Maximum training predictors: Maximum number of training predictors (default = 1000) (no limit = -1).
Maximum validation predictors: Maximum number of validation predictors (default = 1000) (no limit = -1).
Training and validation sample ratio: Ratio between training and validation samples (0.0 = all training, 1.0 = all validation) (default = 0.5).

Classifier to use for the training: Choice of the classifier to use for the training. Available choices are:

LibSVM classifier: This group of parameters allows setting SVM classifier parameters.

SVM Kernel Type: SVM Kernel Type. Available choices are:

Linear: Linear Kernel, no mapping is done, this is the fastest option.

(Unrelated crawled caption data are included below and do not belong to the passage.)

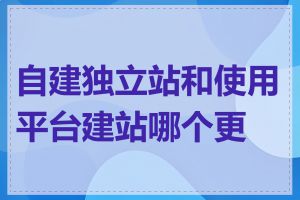 自建独立站和使用平台建站哪个更好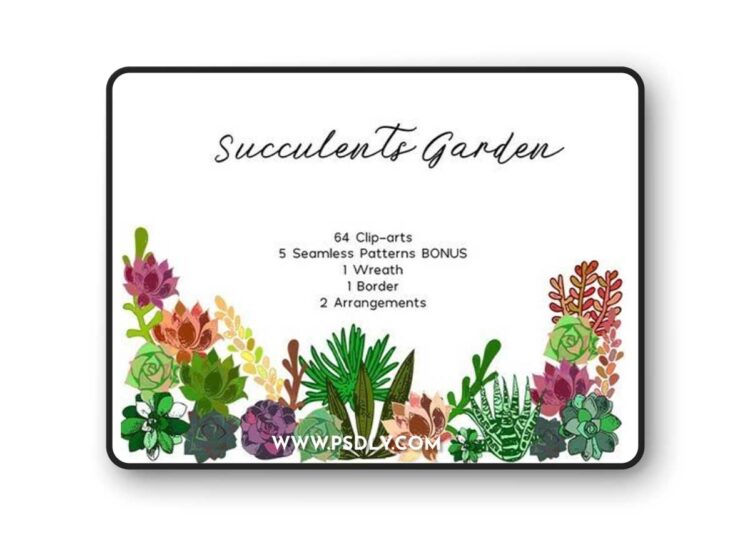 Succulents Bundle PNG + Patterns 1393 1 Succulents Bundle PNG + Patterns 1393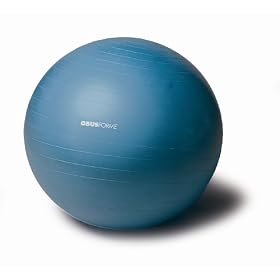 Obusforme by Homedics Home Therapy Rehab Exercise Equipment (65cm Balance Ball)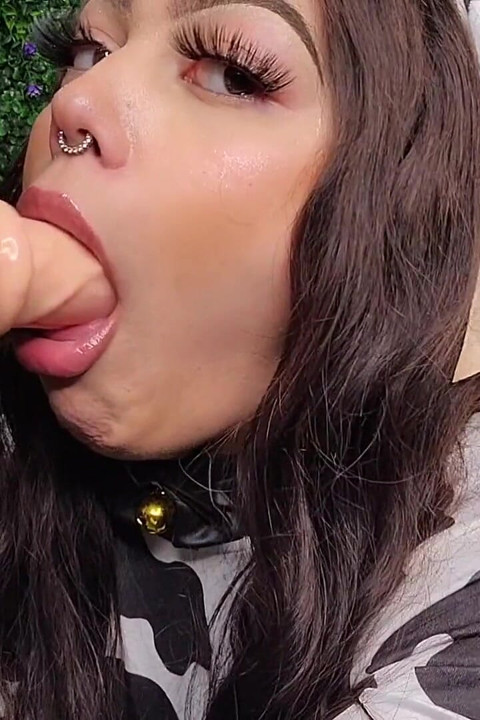 Big Bull Cock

Gaussian radial basis function: This kernel is a good choice in most of the case. It is an exponential function of the euclidian distance between the vectors.

Polynomial: Polynomial Kernel, the mapping is a polynomial function.

Sigmoid: The kernel is a hyperbolic tangente function of the vectors.

SVM Model Type: Type of SVM formulation. Available choices are:

Epsilon Support Vector Regression: The distance between feature vectors from the training set and the fitting hyper-plane must be less than Epsilon. For outliers the penalty multiplier C is used .

Nu Support Vector Regression: Same as the epsilon regression except that this time the bounded parameter nu is used instead of epsilon.

Cost parameter C: SVM models have a cost parameter C (1 by default) to control the trade-off between training errors and forcing rigid margins.

Cost parameter Nu: Cost parameter Nu, in the range 0..1, the larger the value, the smoother the decision.

Parameters optimization: SVM parameters optimization flag.

Probability estimation: Probability estimation flag.

Epsilon: The distance between feature vectors from the training set and the fitting hyper-plane must be less than Epsilon. For outliersthe penalty mutliplier is set by C.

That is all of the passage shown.